EXERCISE:
For this exercise, reproduce the entries below exactly, but only from the line containing "Summit yoga - Val d'Isère Tourisme" through the line containing "IPhone 7, Rose", both included.

THE INPUT:
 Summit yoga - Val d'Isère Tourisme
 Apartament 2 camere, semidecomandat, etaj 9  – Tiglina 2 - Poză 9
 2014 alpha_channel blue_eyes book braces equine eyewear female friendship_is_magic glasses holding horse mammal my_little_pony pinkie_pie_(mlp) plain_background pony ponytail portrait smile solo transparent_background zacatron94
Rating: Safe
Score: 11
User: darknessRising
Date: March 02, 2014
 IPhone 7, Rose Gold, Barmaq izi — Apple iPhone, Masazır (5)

* * *

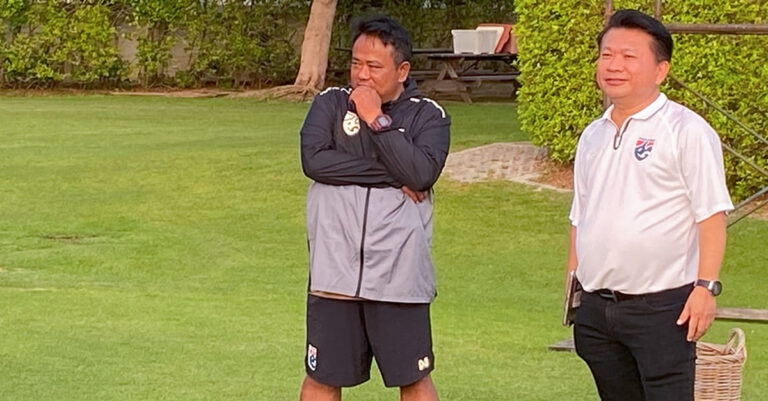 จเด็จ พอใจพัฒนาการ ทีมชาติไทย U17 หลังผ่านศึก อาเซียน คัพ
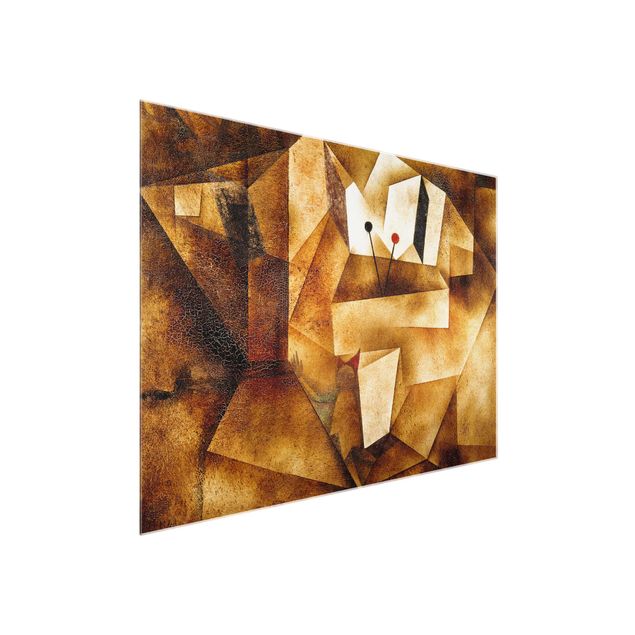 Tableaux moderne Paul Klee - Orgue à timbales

--

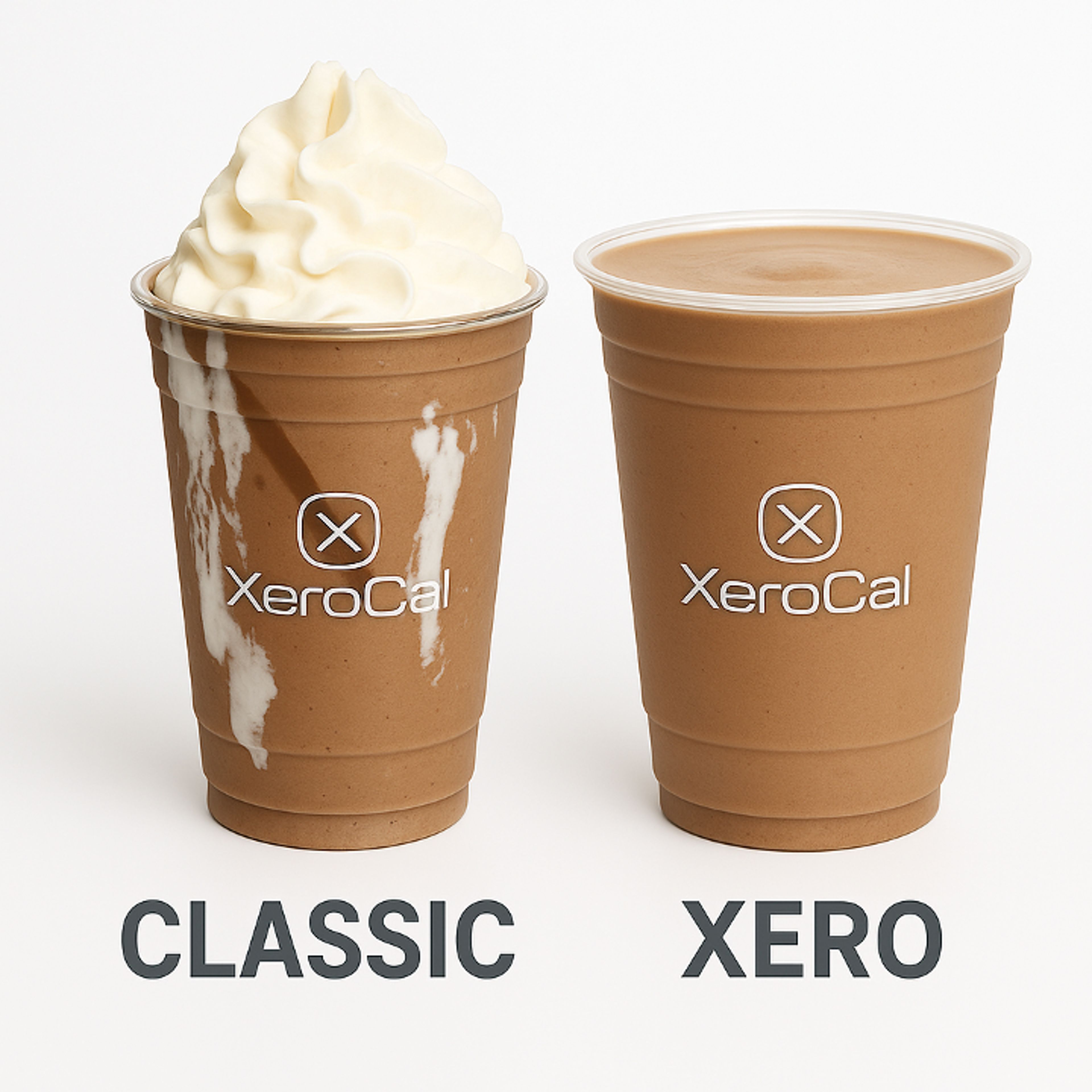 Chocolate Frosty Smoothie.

OUTPUT OF THE TASK:
 Summit yoga - Val d'Isère Tourisme
 Apartament 2 camere, semidecomandat, etaj 9  – Tiglina 2 - Poză 9
 2014 alpha_channel blue_eyes book braces equine eyewear female friendship_is_magic glasses holding horse mammal my_little_pony pinkie_pie_(mlp) plain_background pony ponytail portrait smile solo transparent_background zacatron94
Rating: Safe
Score: 11
User: darknessRising
Date: March 02, 2014
 IPhone 7, Rose Gold, Barmaq izi — Apple iPhone, Masazır (5)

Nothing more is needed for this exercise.